Stalin and the Scientists tells the story of the many gifted scientists who worked in Russia from the years leading up to the Revolution through the death of the 'Great Scientist' himself, Joseph Stalin. It weaves together the stories of scientists, politicians, and ideologues into an intimate and sometimes horrifying portrait of a state determined to remake the world.
The heart of the book is the story of the Great Terror that struck the scientific establishment in the 1930s. Ings shows that scientists now depended for resources and promotion (but also for physical survival) on the power of patrons such as top leaders like Andrei Zhdanov, or the greatest patron of all, Stalin. He describes the rise of the maliciously cunning but childlike Trofim Lysenko, who notoriously became Stalin’s favorite scientist ... Ings capably recounts how Soviet science became a laughingstock and often a human tragedy, but he doesn’t explain how Stalinist technology produced colossal successes, too ... Over all, however, Ings is an entertaining storyteller who often captures the essence of things — Stalin was indeed 'the last in a long line of European philosopher kings.' Filled with priceless nuggets and a cast of frauds, crackpots and tyrants, this is a lively and interesting book, and utterly relevant today when the Trump administration is challenging the scientific establishment on climate change.
Ings underscores the brutal human cost that accompanied scientific advancement in the Soviet Union in the early 20th century. And yet, the author shows that despite the oppressive conditions, Soviet science did manage to produce some achievements ... Ings’s finely crafted and informative book is a must read for understanding how the ideas of scientific knowledge and technology were distorted and subverted for decades across the Soviet Union, all in the service of the most ambitious experiment in social engineering the world has ever witnessed.

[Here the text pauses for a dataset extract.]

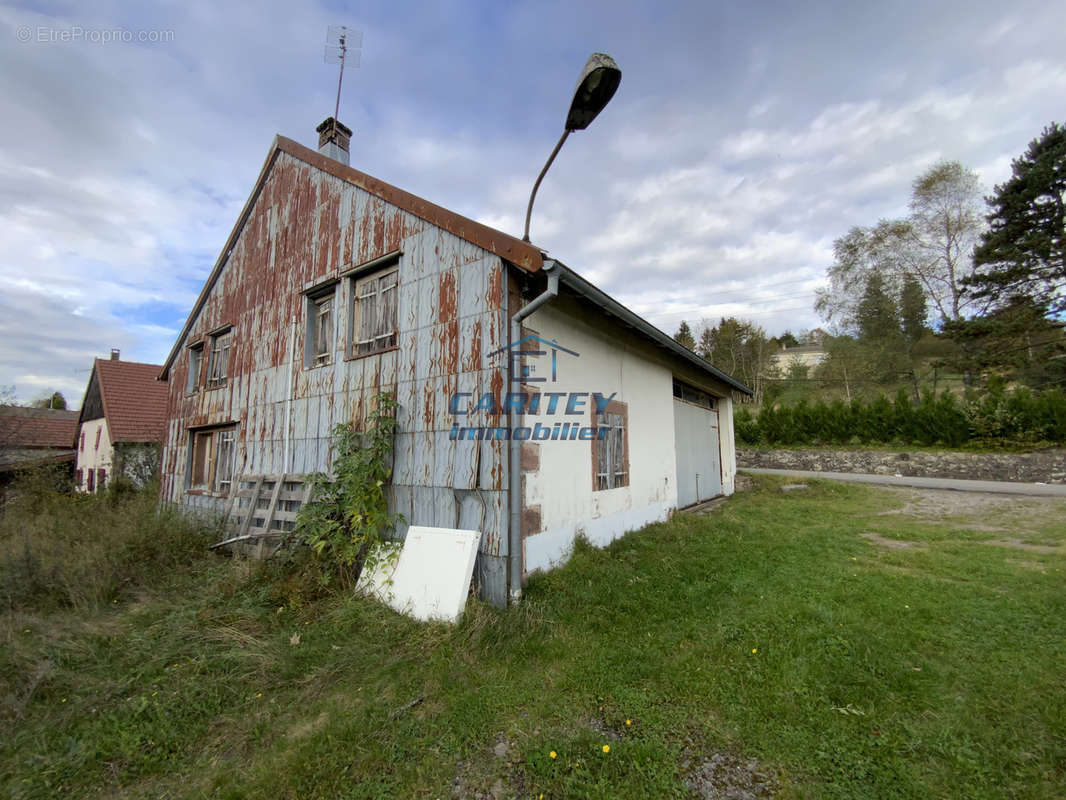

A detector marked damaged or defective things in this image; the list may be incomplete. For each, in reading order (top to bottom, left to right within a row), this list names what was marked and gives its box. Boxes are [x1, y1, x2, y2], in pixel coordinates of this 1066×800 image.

rusty metal cladding [155, 145, 516, 568]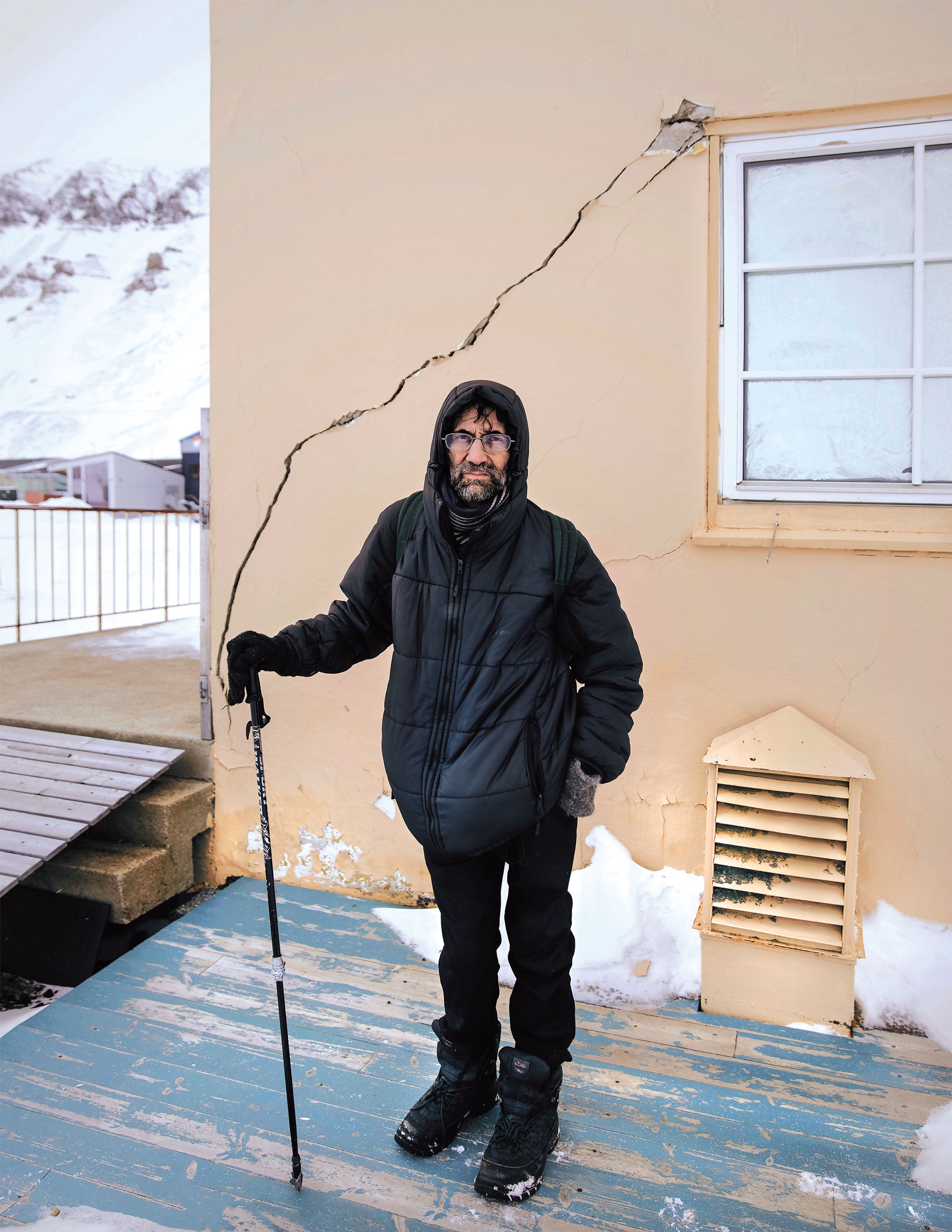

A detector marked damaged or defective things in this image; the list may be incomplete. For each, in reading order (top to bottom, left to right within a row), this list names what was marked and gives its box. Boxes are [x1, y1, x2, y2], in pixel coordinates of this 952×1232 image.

large crack in wall [213, 103, 704, 685]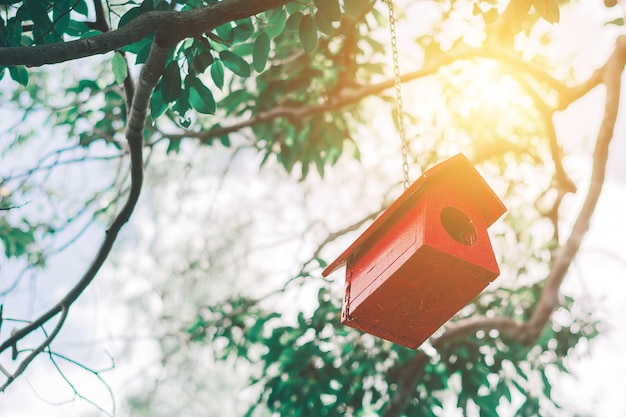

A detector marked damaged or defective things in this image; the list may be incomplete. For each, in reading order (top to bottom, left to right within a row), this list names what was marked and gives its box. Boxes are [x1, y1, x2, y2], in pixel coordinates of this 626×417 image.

Ings conveys the tragedy and the triumph of science in the Soviet Union, though the tragedy outweighs the triumph in his account. A different choice, with more emphasis on physics and mathematics, would have tilted the balance more toward triumph. Ings is interested in people, their characters, choices and the positions they found themselves in, and he succeeds in bringing out their personalities. This is a fascinating story of brilliant scientists and charlatans, of visionaries and careerists, of civic courage and moral cowardice ... The picture he paints contrasts starkly with the hopes espoused by the Bolsheviks. Is the Soviet experience to be treated as something exotic, not relevant to us? What does it tell us generally about science and society? Ings makes a few brief comments on this, but does not draw any systematic conclusion.